Extracted data —
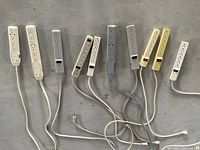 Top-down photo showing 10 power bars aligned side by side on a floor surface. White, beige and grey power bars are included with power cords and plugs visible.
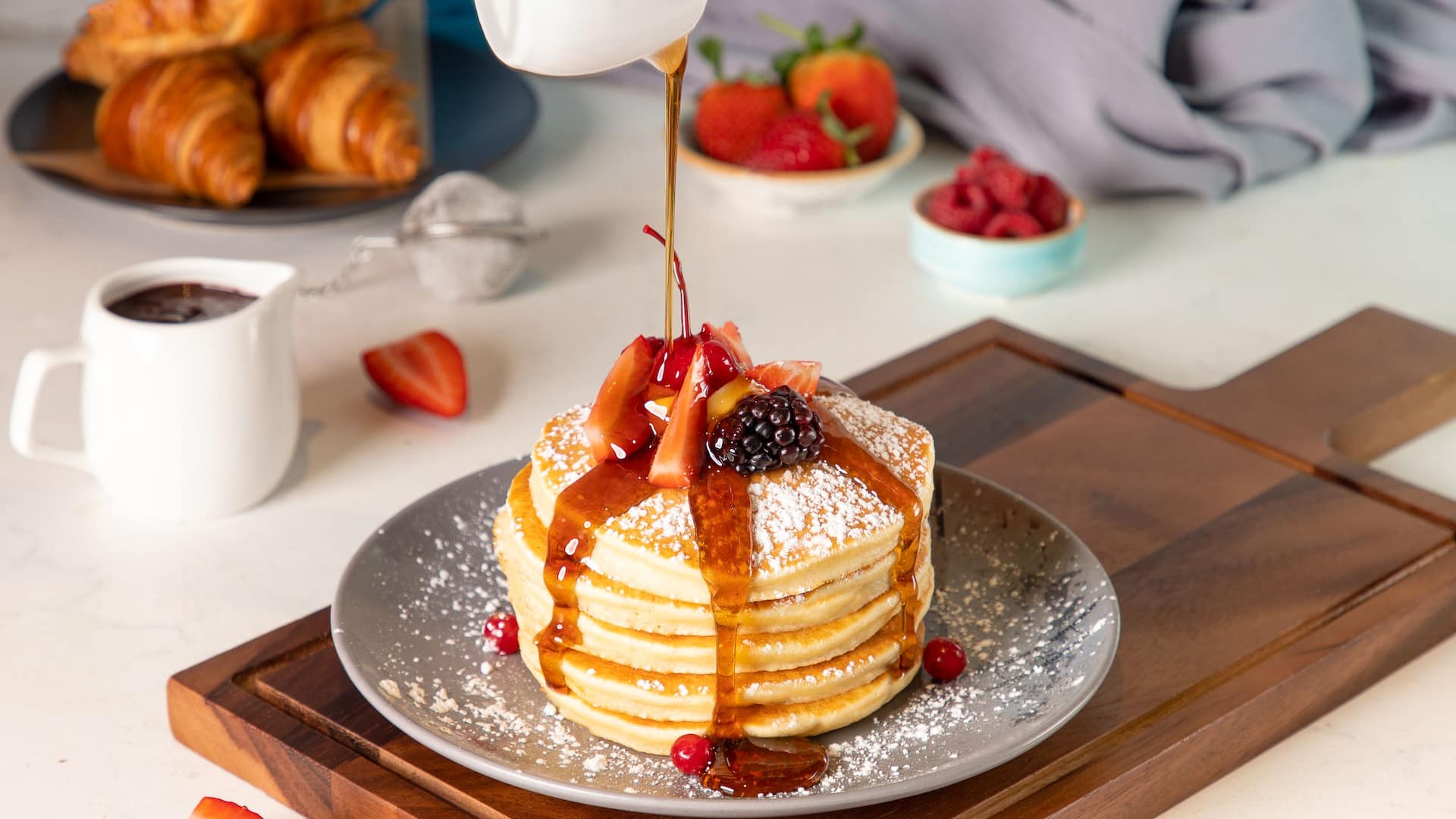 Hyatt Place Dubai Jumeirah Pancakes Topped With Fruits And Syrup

==

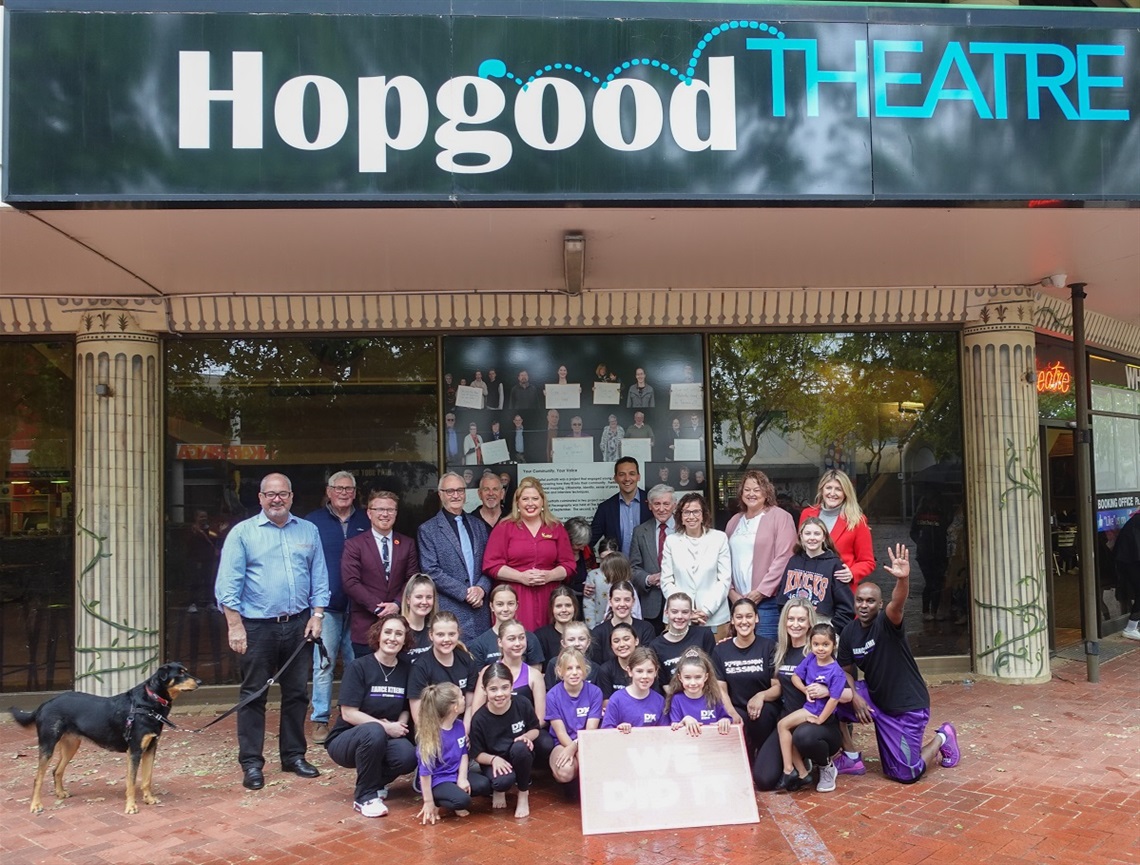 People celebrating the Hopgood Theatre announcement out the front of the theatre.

...

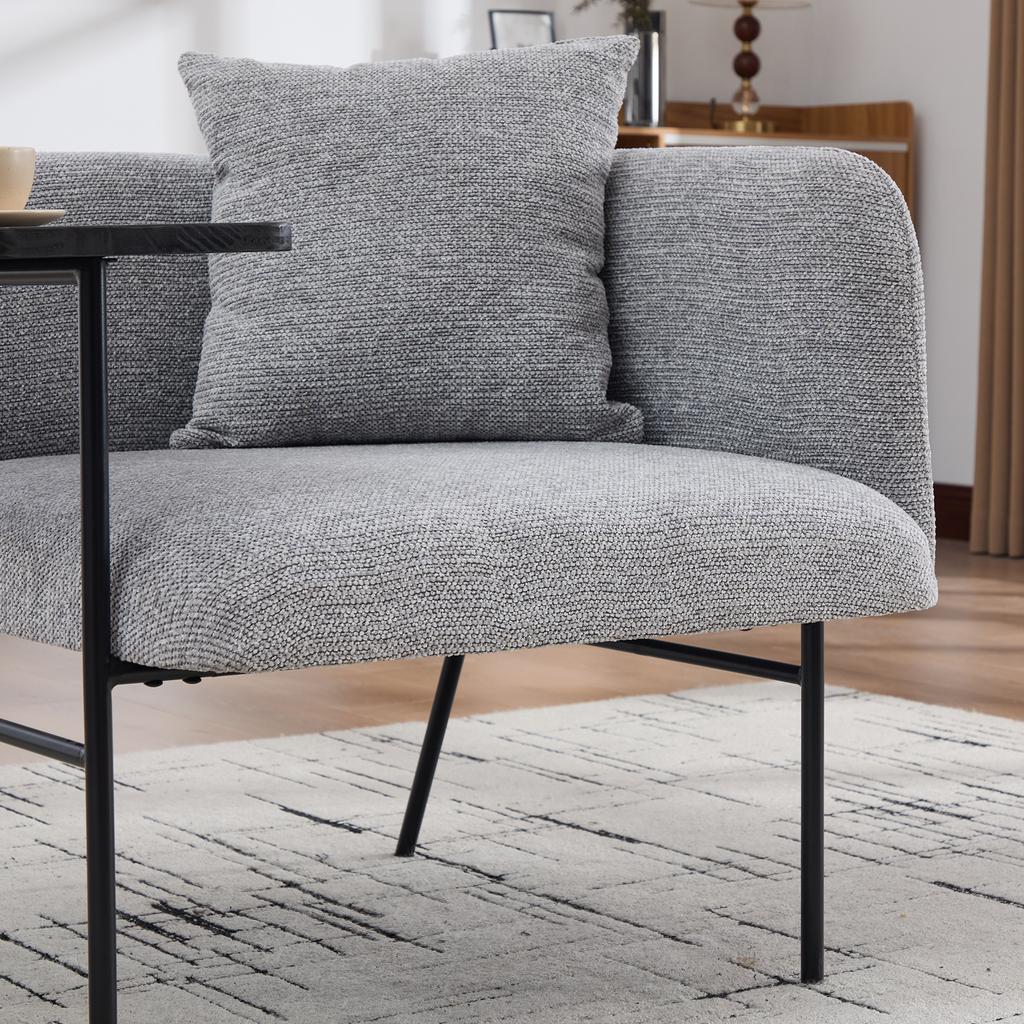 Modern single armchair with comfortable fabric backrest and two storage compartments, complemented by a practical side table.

What to produce —
Transcribe, word for word, the lines of the listing above from the one that contains "Top-down photo showing" through the one that contains "Hyatt Place Dubai", keeping both ends and dropping the pictures.

Task solution —
 Top-down photo showing 10 power bars aligned side by side on a floor surface. White, beige and grey power bars are included with power cords and plugs visible.
 Hyatt Place Dubai Jumeirah Pancakes Topped With Fruits And Syrup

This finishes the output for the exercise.